Culture
TLDEF

Transgender teen wins settlement with South Carolina DMV

Chase Culpepper was forced to remove her makeup for her driver’s license photo so she would ‘look male’

A transgender teen will be allowed to return to her local DMV and take a new driver’s license photo wearing the makeup she puts on daily, after her lawyers struck a settlement with the South Carolina Department of Motor Vehicles on Wednesday. DMV employees had told her to remove her makeup to "look male” in her photo.

The Transgender Legal Defense and Education Fund, which filed a federal lawsuit against the South Carolina DMV in September 2014 for violating the teenager’s constitutional free speech rights and for sex discrimination, told Al Jazeera that the settlement was the first of its kind in the country.

“This is a terrific victory for transgender rights and for the principle that transgender people, like all Americans, deserve the freedom to be who they are and look like who they are without government restrictions and interference,” said TLDEF executive director Michael Silverman.

The plaintiff, Chase Culpepper, a transgender woman, was 16 years old when she visited the Anderson, South Carolina DMV in March 2014. She regularly wore makeup and dresses, though at the time, she considered herself to be gender-nonconforming and still used male pronouns.
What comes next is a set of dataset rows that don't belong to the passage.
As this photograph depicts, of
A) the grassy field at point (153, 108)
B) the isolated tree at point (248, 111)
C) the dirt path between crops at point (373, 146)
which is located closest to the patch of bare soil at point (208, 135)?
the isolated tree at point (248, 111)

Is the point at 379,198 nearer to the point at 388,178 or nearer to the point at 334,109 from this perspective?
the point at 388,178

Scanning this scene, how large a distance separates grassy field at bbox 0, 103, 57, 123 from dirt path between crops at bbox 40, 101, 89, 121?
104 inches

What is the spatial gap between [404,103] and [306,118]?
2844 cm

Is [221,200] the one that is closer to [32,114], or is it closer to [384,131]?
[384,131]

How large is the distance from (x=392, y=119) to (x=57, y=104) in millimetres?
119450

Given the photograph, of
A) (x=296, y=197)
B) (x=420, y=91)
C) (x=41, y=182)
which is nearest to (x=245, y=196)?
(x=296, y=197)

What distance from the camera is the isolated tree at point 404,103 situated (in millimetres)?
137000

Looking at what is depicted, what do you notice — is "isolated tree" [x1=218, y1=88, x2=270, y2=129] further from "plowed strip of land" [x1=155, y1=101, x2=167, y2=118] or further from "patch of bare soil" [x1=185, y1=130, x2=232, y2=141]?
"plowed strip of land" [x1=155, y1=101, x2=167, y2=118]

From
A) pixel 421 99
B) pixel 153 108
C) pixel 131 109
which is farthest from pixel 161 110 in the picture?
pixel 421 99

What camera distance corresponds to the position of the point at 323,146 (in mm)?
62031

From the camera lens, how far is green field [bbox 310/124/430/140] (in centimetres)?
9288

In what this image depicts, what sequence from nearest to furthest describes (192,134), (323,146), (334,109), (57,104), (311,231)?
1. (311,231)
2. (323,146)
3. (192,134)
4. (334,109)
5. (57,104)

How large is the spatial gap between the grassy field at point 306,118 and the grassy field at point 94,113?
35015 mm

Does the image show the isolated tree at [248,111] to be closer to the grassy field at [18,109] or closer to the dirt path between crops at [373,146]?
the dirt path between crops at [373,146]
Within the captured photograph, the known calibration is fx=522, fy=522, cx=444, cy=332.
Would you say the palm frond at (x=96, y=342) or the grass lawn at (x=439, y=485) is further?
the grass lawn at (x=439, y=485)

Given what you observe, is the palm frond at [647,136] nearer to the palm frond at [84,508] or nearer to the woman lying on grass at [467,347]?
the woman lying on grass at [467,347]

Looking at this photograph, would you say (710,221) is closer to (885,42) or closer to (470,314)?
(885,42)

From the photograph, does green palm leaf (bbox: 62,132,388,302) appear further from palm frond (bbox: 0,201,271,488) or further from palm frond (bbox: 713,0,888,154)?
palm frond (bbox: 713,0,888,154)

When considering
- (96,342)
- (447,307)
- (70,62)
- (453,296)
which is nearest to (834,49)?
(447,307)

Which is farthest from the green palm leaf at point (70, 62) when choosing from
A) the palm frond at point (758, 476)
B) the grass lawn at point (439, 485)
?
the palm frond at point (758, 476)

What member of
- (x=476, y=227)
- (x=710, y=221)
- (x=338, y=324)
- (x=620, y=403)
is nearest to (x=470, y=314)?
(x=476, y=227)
She now identifies as transgender.

When Culpepper applied for her first driver’s license and passed the tests, the DMV employees refused to take her photograph, telling her she had to “go home” and “take off the makeup,” according to court documents (PDF).
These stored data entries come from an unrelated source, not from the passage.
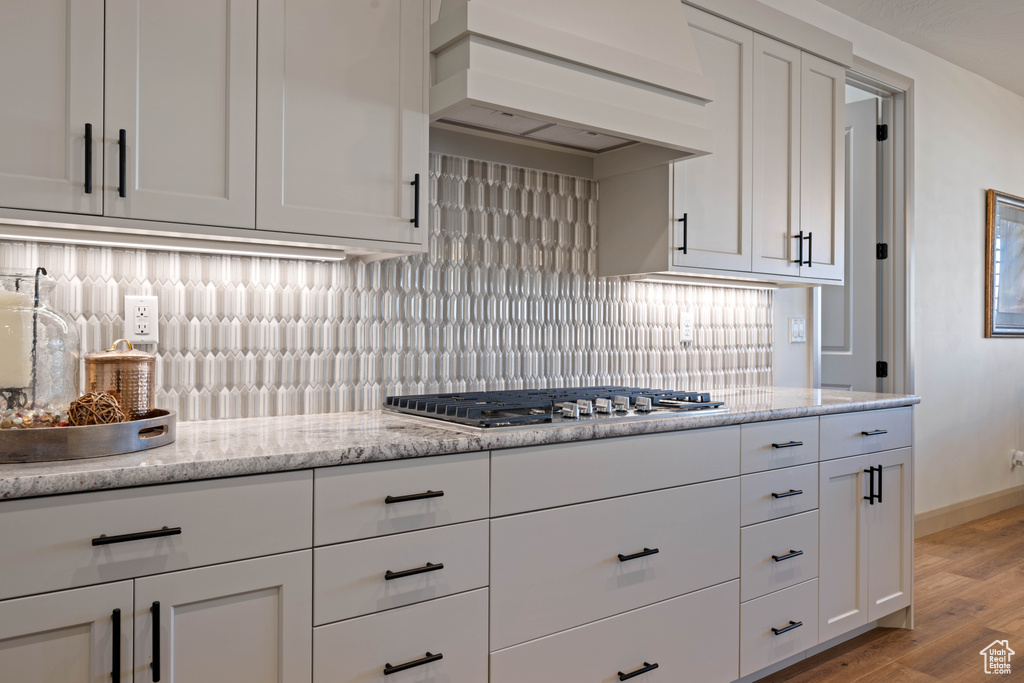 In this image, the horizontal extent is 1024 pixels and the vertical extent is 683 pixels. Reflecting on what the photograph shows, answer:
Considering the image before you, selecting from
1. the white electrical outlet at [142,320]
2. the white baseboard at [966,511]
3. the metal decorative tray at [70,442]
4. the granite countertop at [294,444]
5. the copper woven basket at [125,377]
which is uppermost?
the white electrical outlet at [142,320]

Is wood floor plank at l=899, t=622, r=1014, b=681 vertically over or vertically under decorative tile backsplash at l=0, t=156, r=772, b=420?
under

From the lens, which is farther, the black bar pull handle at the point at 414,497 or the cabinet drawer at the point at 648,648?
the cabinet drawer at the point at 648,648

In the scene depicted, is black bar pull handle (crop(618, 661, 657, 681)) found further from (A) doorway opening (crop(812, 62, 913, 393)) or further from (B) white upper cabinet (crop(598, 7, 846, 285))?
(A) doorway opening (crop(812, 62, 913, 393))

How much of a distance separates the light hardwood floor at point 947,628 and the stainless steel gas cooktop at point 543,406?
1032 millimetres

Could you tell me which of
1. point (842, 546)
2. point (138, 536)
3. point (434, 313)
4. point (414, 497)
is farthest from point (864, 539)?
point (138, 536)

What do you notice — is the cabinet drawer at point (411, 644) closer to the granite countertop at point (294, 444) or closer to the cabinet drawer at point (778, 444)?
the granite countertop at point (294, 444)

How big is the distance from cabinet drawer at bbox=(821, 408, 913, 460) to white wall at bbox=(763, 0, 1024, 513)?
143 centimetres

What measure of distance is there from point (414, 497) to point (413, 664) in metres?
0.36

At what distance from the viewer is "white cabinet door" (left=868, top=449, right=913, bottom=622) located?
2.63 metres

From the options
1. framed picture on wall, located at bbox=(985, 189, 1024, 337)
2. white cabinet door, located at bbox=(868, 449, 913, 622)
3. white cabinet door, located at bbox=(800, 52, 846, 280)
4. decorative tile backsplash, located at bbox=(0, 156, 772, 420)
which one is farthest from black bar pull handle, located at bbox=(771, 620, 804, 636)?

Within earshot of the busy DMV lobby, a supervisor said that the teen needed to appear in the driver’s license photograph the same way she would if she were pulled over by a police officer, the court documents say. Culpepper’s mother, Teresa, explained that since her child wore makeup every day, she would be wearing it when stopped by police. Teresa also asked the DMV supervisor whether other female applicants had to remove their makeup or if applicants wearing hair extensions or toupees had to take them off for their driver’s license photos.
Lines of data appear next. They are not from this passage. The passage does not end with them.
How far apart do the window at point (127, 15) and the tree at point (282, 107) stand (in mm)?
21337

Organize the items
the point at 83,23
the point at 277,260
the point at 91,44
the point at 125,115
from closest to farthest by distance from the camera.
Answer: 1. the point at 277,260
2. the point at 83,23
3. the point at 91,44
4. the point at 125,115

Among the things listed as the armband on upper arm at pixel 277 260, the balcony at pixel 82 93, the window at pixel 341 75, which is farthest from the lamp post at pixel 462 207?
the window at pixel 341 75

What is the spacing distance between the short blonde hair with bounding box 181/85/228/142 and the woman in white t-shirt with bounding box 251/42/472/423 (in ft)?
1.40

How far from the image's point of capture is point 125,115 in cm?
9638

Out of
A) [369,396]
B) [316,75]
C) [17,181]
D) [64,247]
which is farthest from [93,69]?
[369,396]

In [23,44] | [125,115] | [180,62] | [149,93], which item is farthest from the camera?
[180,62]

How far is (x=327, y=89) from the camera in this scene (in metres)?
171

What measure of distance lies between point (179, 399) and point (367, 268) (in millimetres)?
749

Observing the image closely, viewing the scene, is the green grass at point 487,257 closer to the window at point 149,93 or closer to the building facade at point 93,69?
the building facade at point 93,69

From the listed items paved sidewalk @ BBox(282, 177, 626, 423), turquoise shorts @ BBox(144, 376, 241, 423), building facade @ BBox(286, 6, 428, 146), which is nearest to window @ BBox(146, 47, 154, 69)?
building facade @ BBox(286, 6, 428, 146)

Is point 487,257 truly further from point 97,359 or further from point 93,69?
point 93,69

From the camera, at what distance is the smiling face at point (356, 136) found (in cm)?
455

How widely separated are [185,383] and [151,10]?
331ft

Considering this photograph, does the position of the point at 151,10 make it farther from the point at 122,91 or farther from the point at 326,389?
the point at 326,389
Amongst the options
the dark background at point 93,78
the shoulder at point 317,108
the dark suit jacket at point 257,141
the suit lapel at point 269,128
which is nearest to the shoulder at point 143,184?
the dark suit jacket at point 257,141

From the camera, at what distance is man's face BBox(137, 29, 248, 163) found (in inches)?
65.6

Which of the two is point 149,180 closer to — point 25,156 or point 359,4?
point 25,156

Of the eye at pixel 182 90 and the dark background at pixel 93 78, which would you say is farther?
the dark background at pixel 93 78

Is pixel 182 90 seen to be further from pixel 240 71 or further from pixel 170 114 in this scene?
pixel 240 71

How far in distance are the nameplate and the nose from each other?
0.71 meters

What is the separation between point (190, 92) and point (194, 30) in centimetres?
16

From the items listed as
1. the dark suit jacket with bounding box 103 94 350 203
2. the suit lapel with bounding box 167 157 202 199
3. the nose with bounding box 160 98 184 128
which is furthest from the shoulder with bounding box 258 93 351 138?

But the supervisor didn’t answer the questions, insisting that since Culpepper’s license specified her sex as male, “he needed to look male in his driver’s license photograph,” according to court papers.

The lawsuit alleges that when Culpepper went to the DMV restroom to try to wash off the makeup, the supervisor “loudly” told her that she “had not removed enough makeup.” Culpepper said she was “publicly humiliated.”

Culpepper returned to the restroom to try to wash off more of the makeup and was then allowed to take the photo. During the entire interaction between Culpepper, her mother and the supervisor, which took between 45 minutes and an hour, “members of the public in the Anderson DMV lobby laughed and snickered at” the teenager, according to court documents.

The South Carolina DMV reached a settlement with TLDEF and the Culpeppers, allowing Chase Culpepper to return and take a new driver’s license photo while wearing her makeup. The state’s DMV also now explicitly allows applicants to look the way they appear regularly, even if they do not conform to gender norms considered “typical” by the DMV. The DMV will also train its employees on how to properly handle transgender and gender nonconforming applicants.

“I am thrilled with the outcome of my lawsuit,” Culpepper said Wednesday in a statement. “My clothing and makeup reflect who I am. From day one, all I wanted was to get a driver’s license that looks like me. Now I will be able to do that. It was hurtful to be singled out for being transgender and made to feel that somehow I wasn’t good enough. With this settlement, the DMV can no longer force transgender people to look like someone they’re not.”

TLDEF told Al Jazeera that Culpepper’s wasn’t the first complaint it had received regarding transgender driver’s license applicants being asked to conform to traditional gender norms by the DMV, though it was the first resulting in a lawsuit and settlement. Three transgender women at three separate DMVs in West Virginia have also run into this problem, Silverman said.

“Many DMVs, through explicit regulations or unwritten policies, impose restrictions upon transgender people,” he said, adding that these policies violate free speech laws and constitute illegal sex discrimination. “That said, there are many unchallenged laws and regulations and practices that exist, and until someone like Chase stands up to say, ‘I don’t deserve to be treated that way,’ they go untested or unchallenged.”